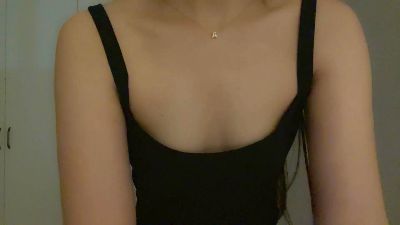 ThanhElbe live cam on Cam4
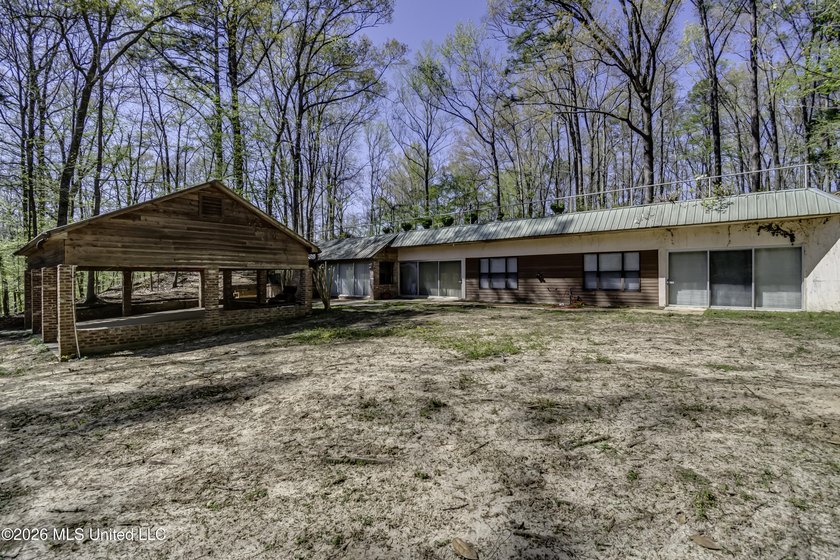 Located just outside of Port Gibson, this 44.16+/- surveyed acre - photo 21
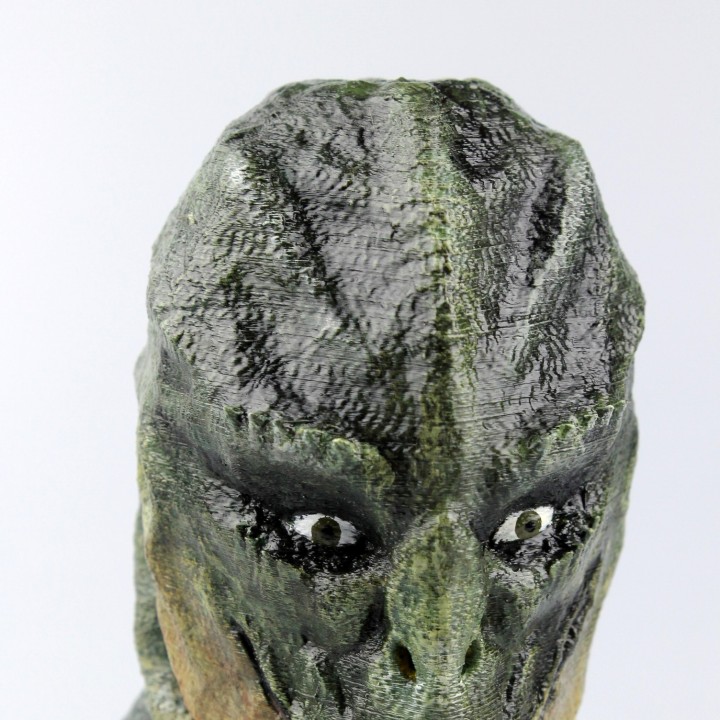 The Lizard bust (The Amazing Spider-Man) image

######

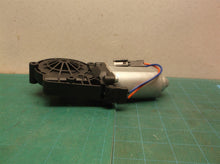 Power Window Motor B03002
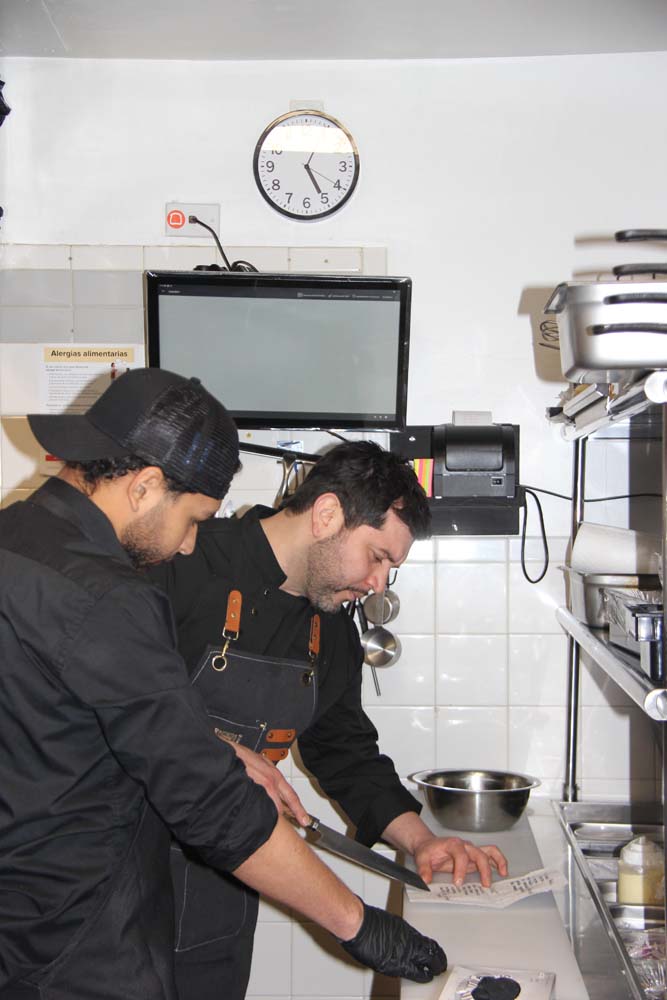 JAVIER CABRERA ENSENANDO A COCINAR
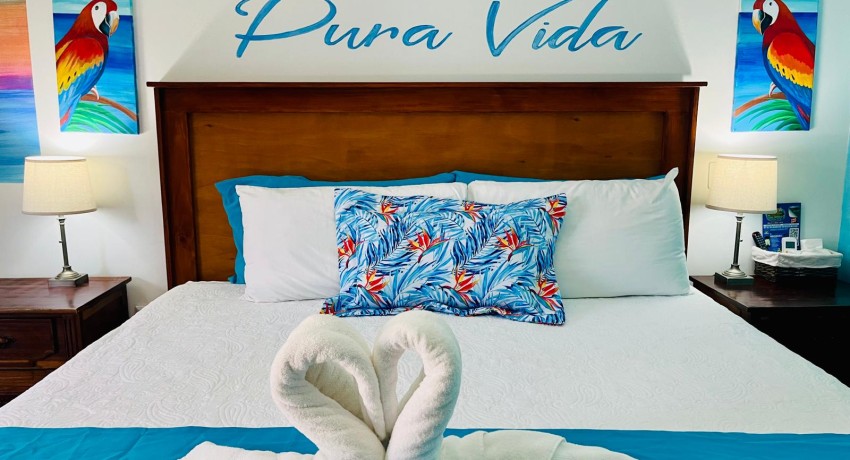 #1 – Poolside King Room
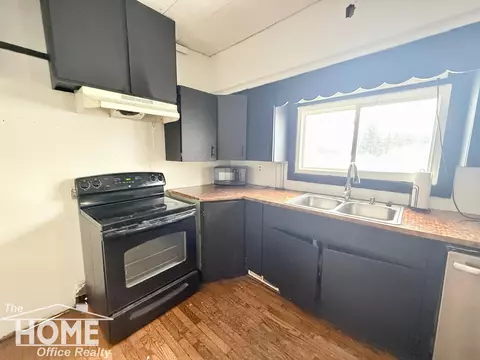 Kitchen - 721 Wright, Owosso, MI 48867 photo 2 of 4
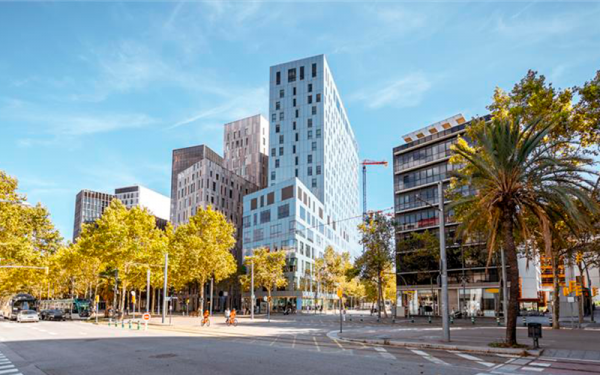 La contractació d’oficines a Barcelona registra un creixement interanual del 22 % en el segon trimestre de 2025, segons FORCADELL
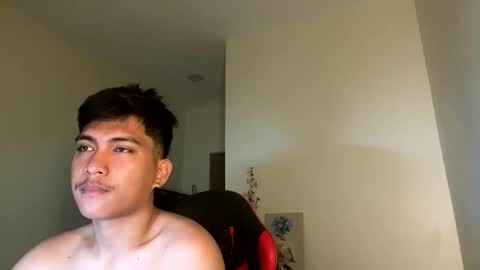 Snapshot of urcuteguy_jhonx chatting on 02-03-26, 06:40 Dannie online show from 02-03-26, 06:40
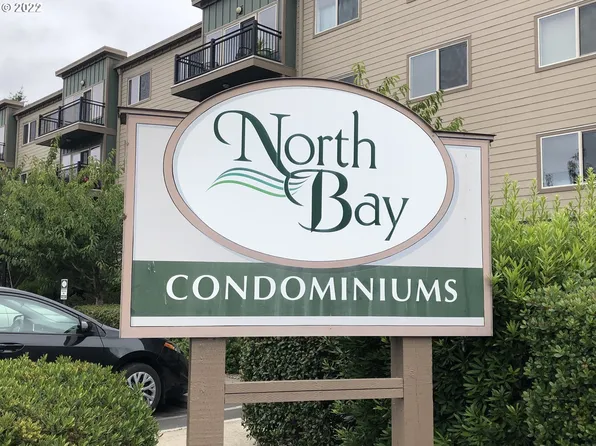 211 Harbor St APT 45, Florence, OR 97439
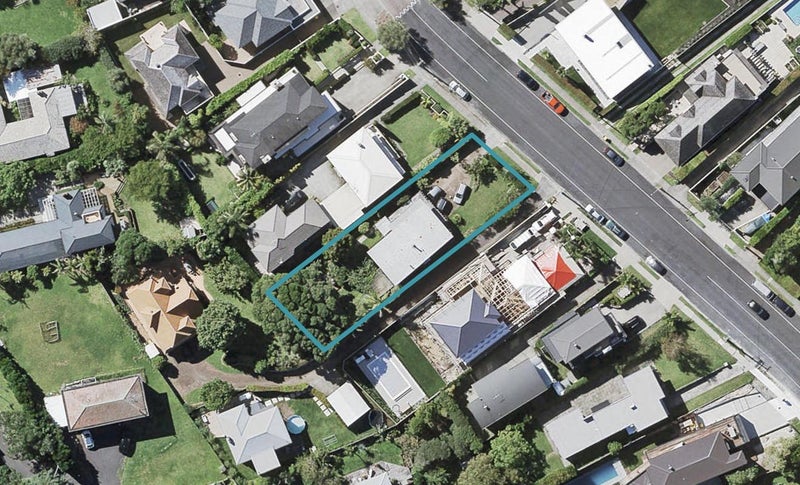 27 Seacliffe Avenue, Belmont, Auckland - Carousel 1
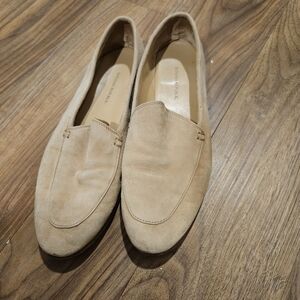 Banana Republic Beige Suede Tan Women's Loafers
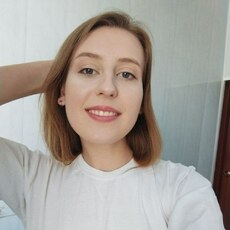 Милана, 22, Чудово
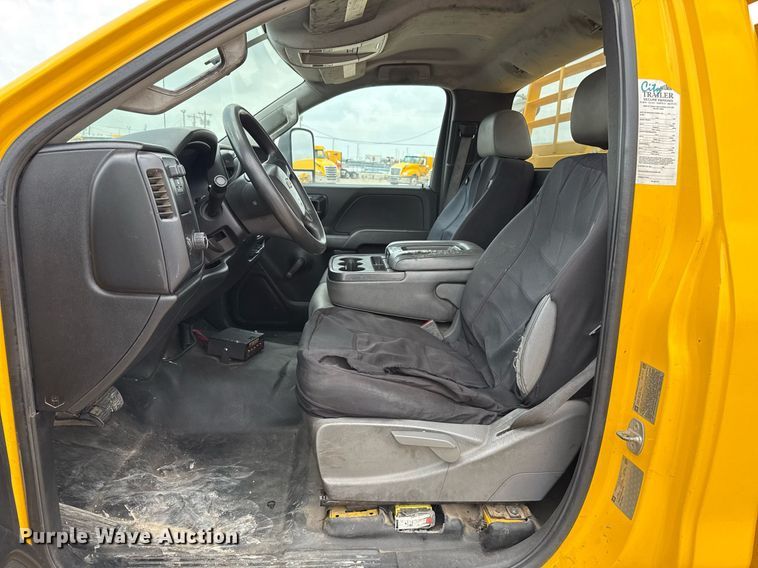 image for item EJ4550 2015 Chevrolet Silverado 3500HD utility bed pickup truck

######

__Task description__: Copy nothing but the lines above from the one with "27 Seacliffe Avenue, Belmont, Auckland" to the one with "image for item", inclusive, word for word. Leave every picture out.

__Exercise response__:
 27 Seacliffe Avenue, Belmont, Auckland - Carousel 1
 Banana Republic Beige Suede Tan Women's Loafers
 Милана, 22, Чудово
 image for item EJ4550 2015 Chevrolet Silverado 3500HD utility bed pickup truck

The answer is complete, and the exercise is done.